On the field, the strategy is easy to describe but harder to execute. Brentford identify undervalued talent, loaning young players from bigger clubs or signing them on an upswing before cashing in. A ‘B’ team is favoured for prospects over a more expensive academy project. Head coaches have served short stints at times but the longer-term commitment to progressive, technically sound football has held.
It has worked: not only have the Bees competed well in their six Championship seasons, they have been demonstrably astute. According to analysis by 21st Club, they spent 41 per cent less than market value on recruitment, saving about UK£20 million in transfer fees since 2013.
By definition, of course, not every organisation gets to outperform the market. Still, there are fundamentals to the Brentford model that can be widely followed. The initial capacity of the Brentford Community Stadium was set after examining the potential supporter base with the help of data-led sports marketing agency Two Circles. They detected pockets of local fandom still out of the grasp of nearby giants like Chelsea, Tottenham Hotspur and Arsenal. These might be families looking for an affordable, welcoming experience, or blow-ins eager to check out a watchable London team on the rise.
A tailored sponsorship pitch is another part of the vision.
“Our new stadium is located on what we call the Golden Mile, from Sega down to Fullers’ Brewery in Chiswick,” explained chief executive Jon Varney, speaking to City AM in September. “We can deliver [locally based businesses] an unbelievable CSR platform right in the heart of the community they are embedded in.”
And while their old base is not the future, Brentford will want to retain a lot of what existed there. They are a friendly club and were hosts of an envied Championship away day, with an atmosphere more intimate than intimidating and a pub on every corner of the ground. Players would stroll post-match, washbags in hand, past groups of fans with pints.
As it happens, there will be one more game at Griffin Park. Brentford scorched through seven consecutive victories after the restart, eight in a row back to March, and threatened this week to usurp West Bromwich Albion in the second automatic promotion slot. Back-to-back defeats put paid to that – results are still the most fragile part of this business.
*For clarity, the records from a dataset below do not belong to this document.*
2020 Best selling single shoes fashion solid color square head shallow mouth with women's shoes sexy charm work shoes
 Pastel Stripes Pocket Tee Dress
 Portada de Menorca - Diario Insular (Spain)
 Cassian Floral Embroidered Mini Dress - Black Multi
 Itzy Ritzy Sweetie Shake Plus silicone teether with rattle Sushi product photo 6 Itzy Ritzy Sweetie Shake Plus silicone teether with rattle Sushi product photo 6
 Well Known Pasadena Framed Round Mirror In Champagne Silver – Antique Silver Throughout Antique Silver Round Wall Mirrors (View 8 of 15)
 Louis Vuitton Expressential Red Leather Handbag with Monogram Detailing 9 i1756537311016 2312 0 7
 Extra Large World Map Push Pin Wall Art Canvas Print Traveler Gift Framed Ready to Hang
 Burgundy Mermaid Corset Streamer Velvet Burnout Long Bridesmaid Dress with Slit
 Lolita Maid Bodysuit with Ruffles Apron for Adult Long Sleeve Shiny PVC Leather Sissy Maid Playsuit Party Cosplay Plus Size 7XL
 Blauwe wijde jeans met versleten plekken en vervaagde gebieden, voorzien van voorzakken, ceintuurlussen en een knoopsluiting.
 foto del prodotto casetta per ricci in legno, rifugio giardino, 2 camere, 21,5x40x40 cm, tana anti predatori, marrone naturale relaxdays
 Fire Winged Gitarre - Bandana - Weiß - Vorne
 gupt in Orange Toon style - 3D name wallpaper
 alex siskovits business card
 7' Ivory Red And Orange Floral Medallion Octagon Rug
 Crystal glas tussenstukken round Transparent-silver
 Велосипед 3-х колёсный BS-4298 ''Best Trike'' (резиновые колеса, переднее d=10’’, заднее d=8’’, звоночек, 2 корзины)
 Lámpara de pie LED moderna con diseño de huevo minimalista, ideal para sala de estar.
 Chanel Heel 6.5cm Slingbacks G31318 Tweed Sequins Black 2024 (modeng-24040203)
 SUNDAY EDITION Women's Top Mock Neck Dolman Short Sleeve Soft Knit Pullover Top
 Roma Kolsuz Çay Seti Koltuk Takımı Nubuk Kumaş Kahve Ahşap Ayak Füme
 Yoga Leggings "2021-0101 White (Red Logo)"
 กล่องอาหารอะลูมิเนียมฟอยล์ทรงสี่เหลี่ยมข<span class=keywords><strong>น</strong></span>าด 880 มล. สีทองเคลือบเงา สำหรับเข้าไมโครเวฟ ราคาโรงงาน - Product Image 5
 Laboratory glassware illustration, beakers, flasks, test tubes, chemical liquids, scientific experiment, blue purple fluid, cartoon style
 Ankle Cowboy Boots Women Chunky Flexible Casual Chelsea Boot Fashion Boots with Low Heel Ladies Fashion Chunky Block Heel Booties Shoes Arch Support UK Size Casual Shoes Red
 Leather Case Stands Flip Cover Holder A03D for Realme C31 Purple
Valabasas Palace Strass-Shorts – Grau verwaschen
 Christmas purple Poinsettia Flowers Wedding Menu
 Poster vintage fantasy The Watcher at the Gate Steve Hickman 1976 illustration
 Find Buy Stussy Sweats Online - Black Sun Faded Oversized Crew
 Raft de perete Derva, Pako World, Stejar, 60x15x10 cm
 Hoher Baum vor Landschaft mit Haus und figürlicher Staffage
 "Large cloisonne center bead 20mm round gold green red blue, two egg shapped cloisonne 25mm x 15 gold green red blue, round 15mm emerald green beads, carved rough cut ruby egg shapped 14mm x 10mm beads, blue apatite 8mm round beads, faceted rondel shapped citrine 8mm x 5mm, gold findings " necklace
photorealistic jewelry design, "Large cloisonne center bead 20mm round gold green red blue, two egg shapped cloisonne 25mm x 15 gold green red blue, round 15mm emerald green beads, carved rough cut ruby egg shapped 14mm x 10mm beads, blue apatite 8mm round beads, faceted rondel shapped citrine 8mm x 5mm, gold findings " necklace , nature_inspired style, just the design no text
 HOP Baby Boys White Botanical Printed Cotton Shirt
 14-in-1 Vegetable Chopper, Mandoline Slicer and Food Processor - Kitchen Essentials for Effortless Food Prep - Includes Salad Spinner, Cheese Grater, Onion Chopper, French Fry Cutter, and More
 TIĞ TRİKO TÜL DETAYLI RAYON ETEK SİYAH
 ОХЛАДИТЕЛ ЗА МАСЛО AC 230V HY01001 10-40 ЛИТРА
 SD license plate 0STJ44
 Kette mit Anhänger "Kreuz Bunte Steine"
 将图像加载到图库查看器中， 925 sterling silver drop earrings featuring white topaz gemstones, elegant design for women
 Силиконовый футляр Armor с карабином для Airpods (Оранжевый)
So a play-off semi-final will be the last competitive fixture before a new life begins. Brentford are exploring ways to give fans a farewell look at cherished surroundings once social distancing measures allow, though those might be one more set of memories never made in these extraordinary months.
Should Thomas Frank and his team actually complete that final step there will be plenty said about miracles and fairytales but there should be talk, as well, of what it has actually taken to get there. Even if they fall short, theirs is an example to be studied.
Right now, the whole sports industry is working in a different time, if not a different place. There is value in reminders of what sharp thinking can accomplish.